I gather that this phenomenon can make the lathe noisier than if the belts kept in step and that link belting is recommended as a cure.
The phenomenon is perhaps surprising as I would expect both belts to be equally taut on the tight side of the run.
Have others had this problem and have they recommendations about it, including more radical solutions like poly-vee and timing belts, please?
|Howard Lewis||11/10/2018 12:42:28|
|1924 forum posts|
One assumes that all the sheaves are identical in width and angle, but over the years, this may no longer be the case.
The chances are that after a while the "shorter" belts will stretch (since they will have been subjected to slightly greater tension) and all will then take an equal share of the load.
Years ago, owing to a spec error, the "matched" belts supplied from new, were too long for an application, and to keep vehicles on the road, we had to use three belts, that had been intended for single use. (We messed up the Ford spares supply system for a while, by so doing!) There seemed to be no problems with shortening of service life, so presumably, the belts accomodated any slight differences.
So, I would not worry too much, just keep an eye on the tension for a little while.

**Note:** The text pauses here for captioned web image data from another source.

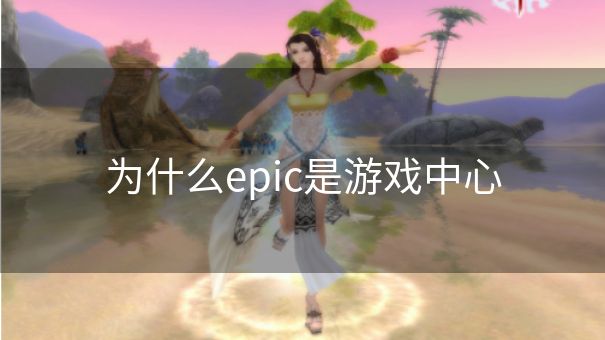 为什么epic是游戏中心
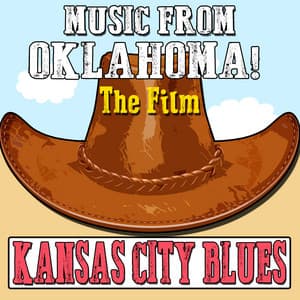Kansas City Blues: Music from the Film "Oklahoma" - Gordon MacRae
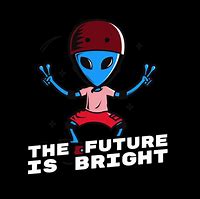 Image result for The Future Is Bright Meme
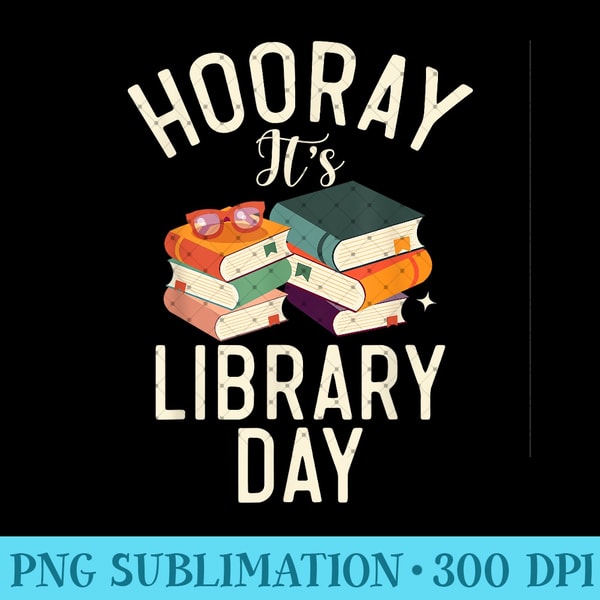 Hooray its Library Day Librarian - Unique PNG Artwork | Inspire Uplift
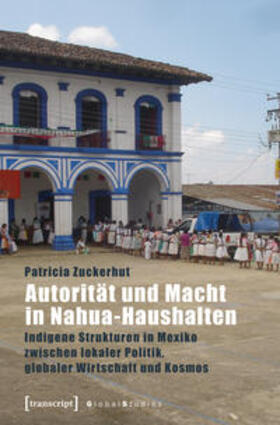 Zuckerhut |  Autorität und Macht in Nahua-Haushalten | Buch |  Sack Fachmedien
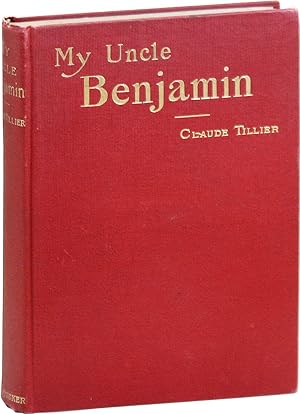 My Uncle Benjamin: A Humorous, Satirical, and Philosophical Novel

|Pete Rimmer||11/10/2018 12:46:20|
|311 forum posts|
One of our machines uses a 10 belt sheave. They go out of sync very quickly but it doesn't affect the operation.
|413 forum posts|
Matched belts still have a tolerance and looking at the web this can be 0.15inches for upto 50+ inch length. So what you are seeing after running is probably this difference times the number of revolutions. Link belting can't be matched there are too many connections to get two anywhere close to the same length. Poly-vee belts are ideal, as they are cut to width from a single belt, just ensure that the pulley shafts stay parallel when adjusting. From your message though I think you are looking for a problem that isn't there, as you didn't say your machine made more noise than a similar machine just that you read that it can be so.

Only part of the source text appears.